[Task data]:

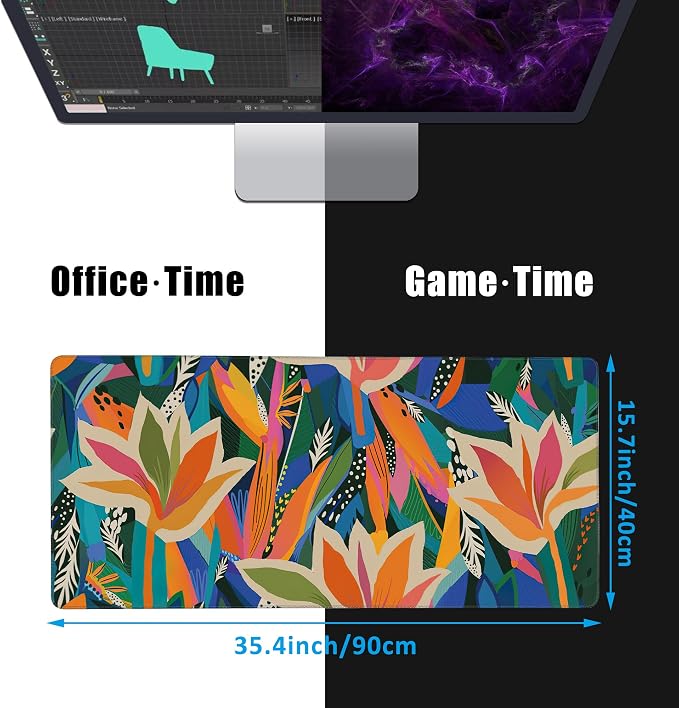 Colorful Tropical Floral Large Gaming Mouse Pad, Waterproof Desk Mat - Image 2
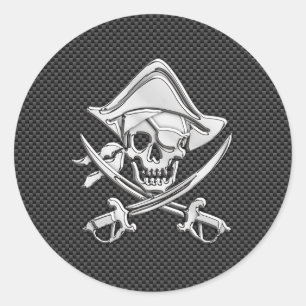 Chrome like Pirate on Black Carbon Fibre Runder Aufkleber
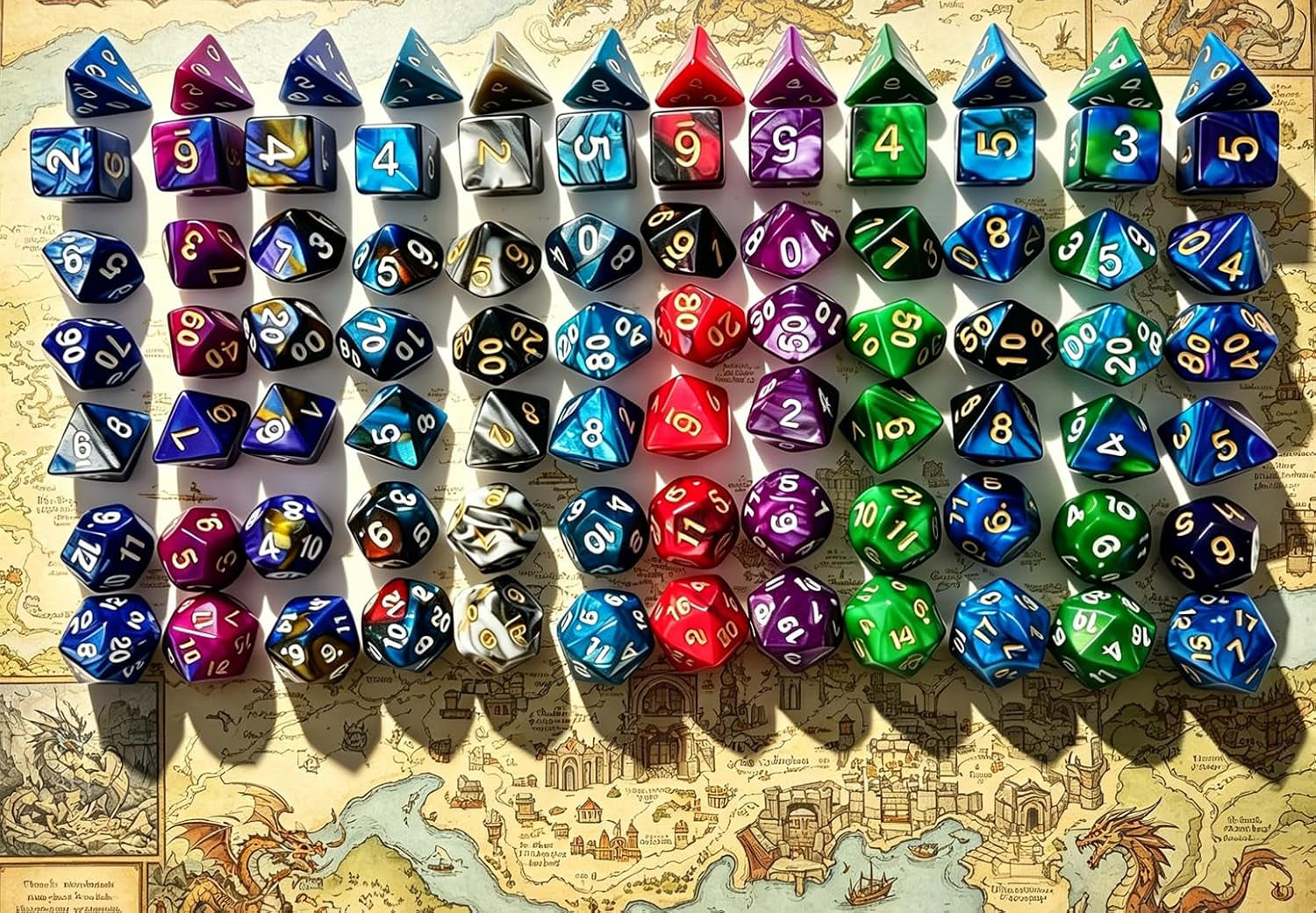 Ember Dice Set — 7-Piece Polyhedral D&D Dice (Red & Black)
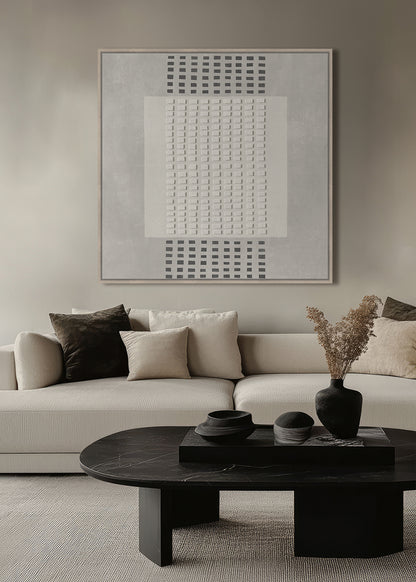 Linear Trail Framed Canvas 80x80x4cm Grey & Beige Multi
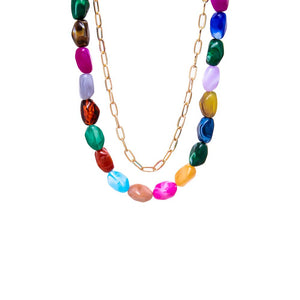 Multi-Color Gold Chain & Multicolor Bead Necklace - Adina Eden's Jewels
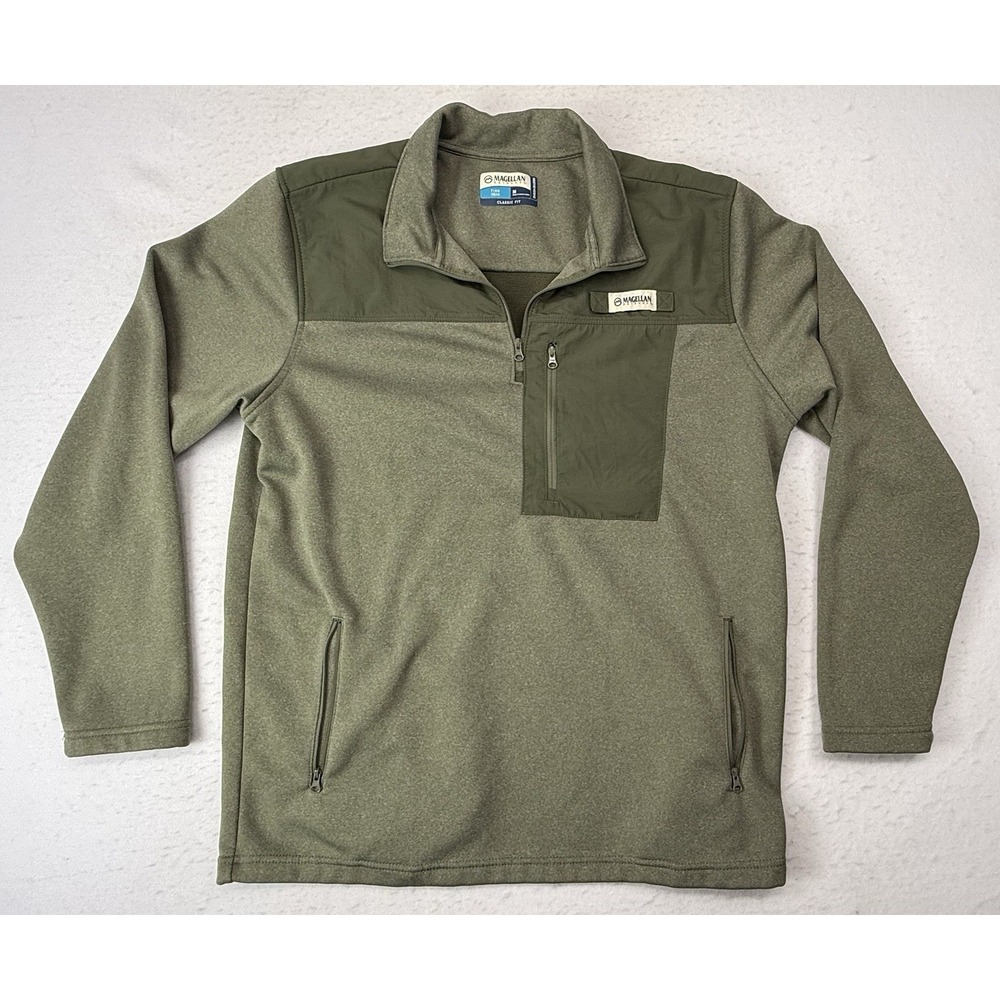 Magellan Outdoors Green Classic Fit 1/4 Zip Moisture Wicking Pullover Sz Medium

[Your assignment]: Copy each entry exactly as written. Images should not appear in the copy.

[Answer box]:
 Colorful Tropical Floral Large Gaming Mouse Pad, Waterproof Desk Mat - Image 2
 Chrome like Pirate on Black Carbon Fibre Runder Aufkleber
 Ember Dice Set — 7-Piece Polyhedral D&D Dice (Red & Black)
 Linear Trail Framed Canvas 80x80x4cm Grey & Beige Multi
 Multi-Color Gold Chain & Multicolor Bead Necklace - Adina Eden's Jewels
 Magellan Outdoors Green Classic Fit 1/4 Zip Moisture Wicking Pullover Sz Medium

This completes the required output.